Well actually, no. Bussetti and Xploding Plastix might look a little crazed during performances, but the gig they held at the Spitz on Sunday 21st November was a resounding success. The London-based 7-piece hip-hop outfit, and the Norwegian electronic and drum trio both played to a packed house of nodding and leaping smiley-faced people. Unfortunately the audience had a large attack of the ‘sensibles’ at last-tube-time, so the talented Kieran Hebden, billed last, DJed to a rather empty room for half his set. Woe to you, mistaken people, learn to use nightbuses! Hebden’s great selection of tunes deserved a far larger audience.
Anyway, back to the beginning: with stomach leadened by large dinner and headache still quietly banging from the previous night, I forced myself along to the Spitz. As both bands are well known for their high-energy and complex tunes, I was afraid that it might all be too much for a Sunday night audience. However from the start there was a buzz in the queue outside, and it was rewarded as Bussetti’s set exploded with the dramatic ‘Debussetti’. This dancehall-Debussy fusion anthem (yep you did read that right) is one of Bussetti’s signature tunes. It has a theatrical feel, fast rhymes from front man Charlie Miller, a klezmah-influenced soprano sax refrain, and a huge cinematic chorus. A massive number which got the audience’s attention from the off.
After the beautiful ‘Softly’, the band’s single from last year, we were treated to another style change. As my ear tuned to the rap style (takes a while with it all coming so fast), I found the lyrics intelligent and significant, with pops amongst other things at ‘adland’ which ‘reminds me of the mother-f*cking lifestyle I ain’t yet got’. Bussetti might be a lot of fun, with carousel-inspired melodies and pronounced beats, but it seems Miller the ‘dressing gown philosopher’ can also do angry. Osama Bin Laden, Bush, large corporations, the Met Police and Bacardi Breezers don’t fare well. Maybe an obvious list for the average Guardian reader, but it is also pertinent one for these London listeners.
Personally, I enjoy Bussetti’s darker edge, and the laconic waltz of the ‘Song With Three Names’ plays on it well. It started with a synth-string intro worthy of a dark, modern fairytale. Jana Hermon’s vocals were subtly distorted to sound like Lamb’s Lou Rhodes. However in a strange and apt contrast her voice took Julie Andrew’s fine sound and diction for the chorus as she instructed the audience ‘it’s easy, it’s easy’, making for a clever and surreal melody. Evocative of fairground organs spiralling out of control, the song left me nearly as breathless as the band were on the hot stage.

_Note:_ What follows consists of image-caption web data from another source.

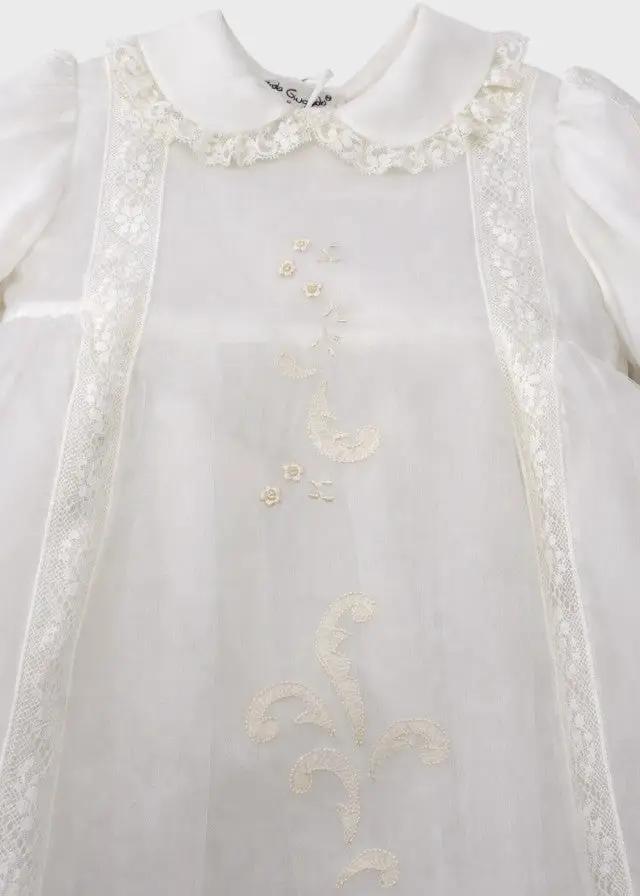 Abito Cerimonia Bimba Avorio TENKO/VB by PICCOLA GIUGGIOLA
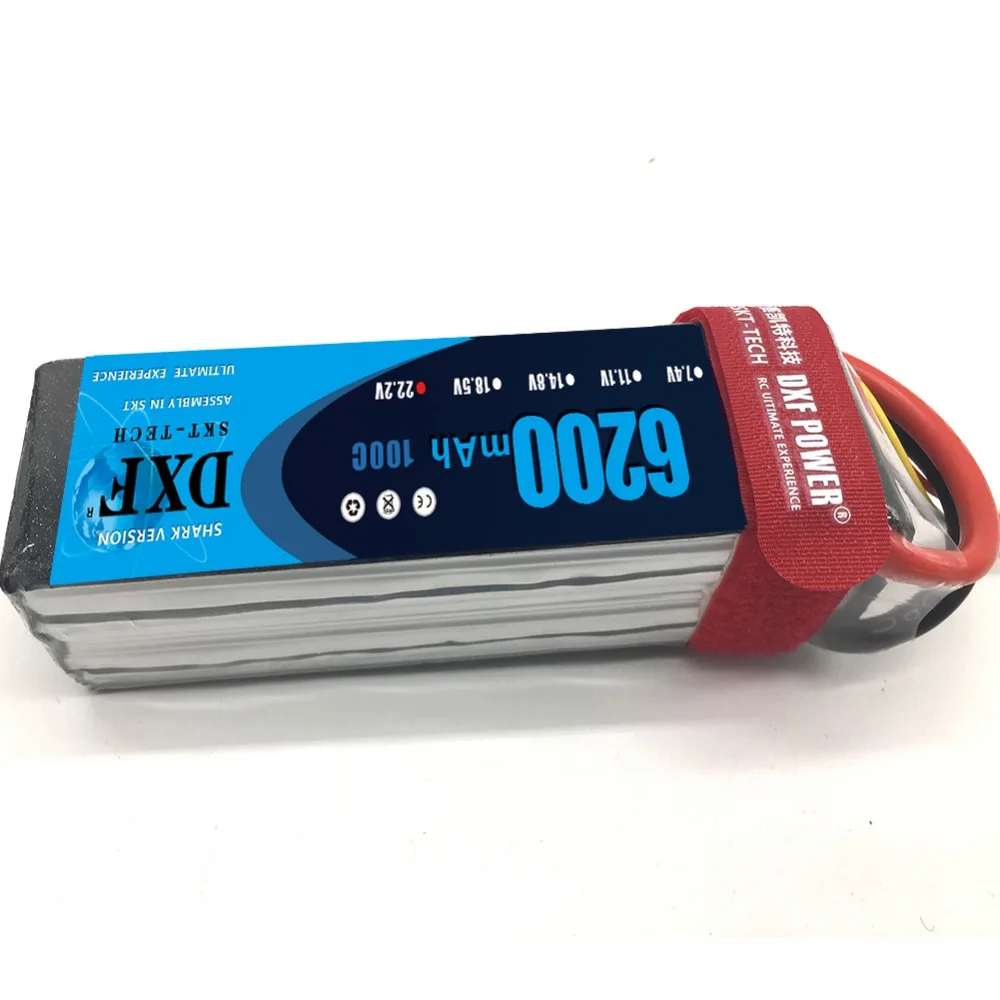 DXF RC автомобиль Lipo батарея 7,4 V 5200 mah 35C-70C Bateria Lipo Багги Truggy Traxxas 1/10 вертолет автомобиль Квадрокоптер самолет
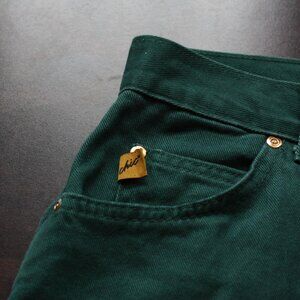 Vintage 90s Chic High-Waisted Green Denim (31x31) – Rare Find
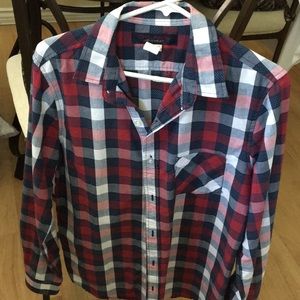Long sleeve shirt checkered shirt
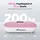 Merach Vibrationsplatte Rosa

Despite the heat in the small venue Bussetti stormed through their set and it ended with a crazy Greek wedding of a musical extravaganza. ‘Singasong’ had an air of confidence and ska undertones. Nick Atkins played his snake-charming melodies as Hermon and Miller listed what they don’t want to write songs about. Significantly they don’t want to ‘set the world straight’, but that’s unlikely to happen. Judging from the audience’s reaction, Bussetti were playing with the intention of sending us all into a whirling dervish and dances of chaotic abandon: I don’t think there was anyone left standing straight by the end of gig.
If you hadn’t heard Xploding Plastix live before you might wonder how they could follow the stomping basslines of Henry Scowcroft and Dan Edge’s keyboard and synth work. This particular Sunday night they delivered on cue, passionately and without compromise. Xploding Plastix have a wonderfully fast and distinctive sound. Their music complemented and built on the enthusiasm Bussetti had achieved before. It took the crowd’s mood into (I should apologise for my rather uncool effusiveness, but Xploding Plastix do deserve superlatives) what I can only describe as a crescendo of abandon.

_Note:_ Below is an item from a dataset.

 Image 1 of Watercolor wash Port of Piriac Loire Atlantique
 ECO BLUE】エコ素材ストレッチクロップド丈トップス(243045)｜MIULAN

Xploding Plastix are three award-winning Norwegians, two do clever electronic stuff and one is a very talented octopus man of a drummer. The band worked tirelessly on stage, Jens Petter Nilsen and Hallvard Hagen studiously twiddling knobs, stroking equipment and flinging their arms up to their drummer, Erland Dahlen, or the audience in turn. They smoked and drank and squinted and tweaked their way through their energetic repetoire. It seemed almost voyeuristic to be watching two such intense musicians.
The music was as busy as its masters. Like Bussetti’s, it teeters on the edge of chaos. The hooks gripped the audience and held them in. The ‘spagetti western’ refrains evoked a show-down with well-placed percussion. The pace, the musical references and the intensity of the heroic trio on stage makes the show a modern ‘Boy’s Own’ dream, which VJ Marky’s visuals complemented well. At times its drum and bass influence gave the music a majestic ‘lollop’. I couldn’t help thinking that if ‘The Hobgoblin Song’ had been a film score the film would definitely have had great big dinosaurs in it.

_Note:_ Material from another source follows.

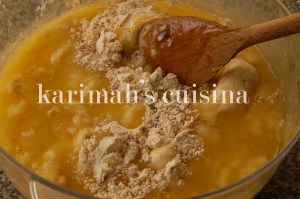 Banana Mix with Flour Mix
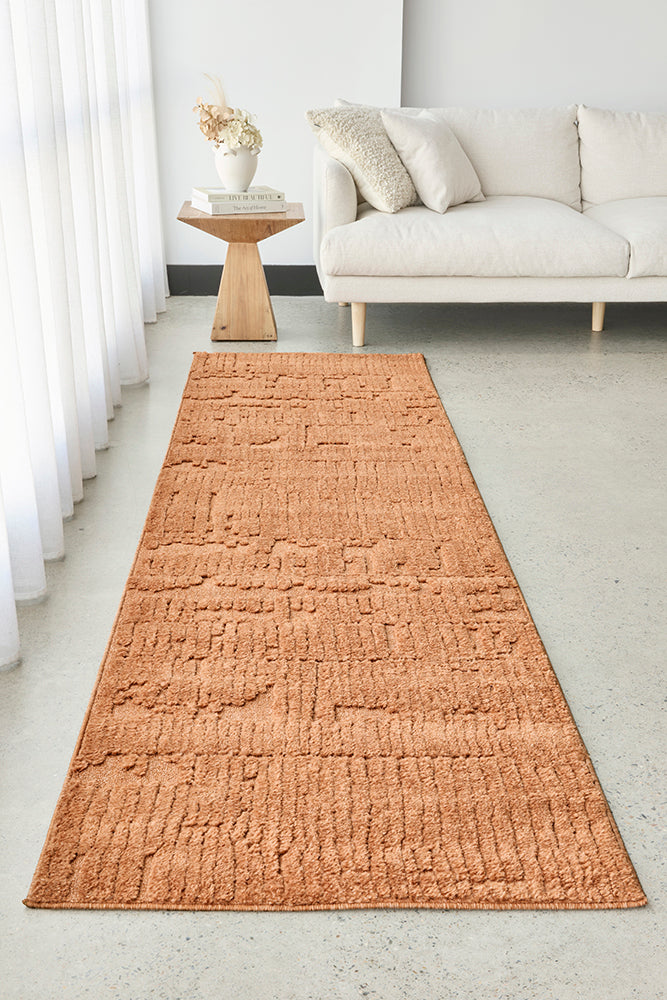 Mollymook Clay Runner Rug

I found out after the gig that Hagen and Nilsen only pre-programme the stops in the music, everything is ‘live’, and much of the drumming was improvised. Electro-music cynics would definitely have been wowed by the passion and spontenaity of the show.
As I sit here on a drizzly Monday morning drifting off with memories of the night before, my advice remains, extend your weekend and seize those Sunday evening nights out! Believe it or not, it does make Monday morning more bearable.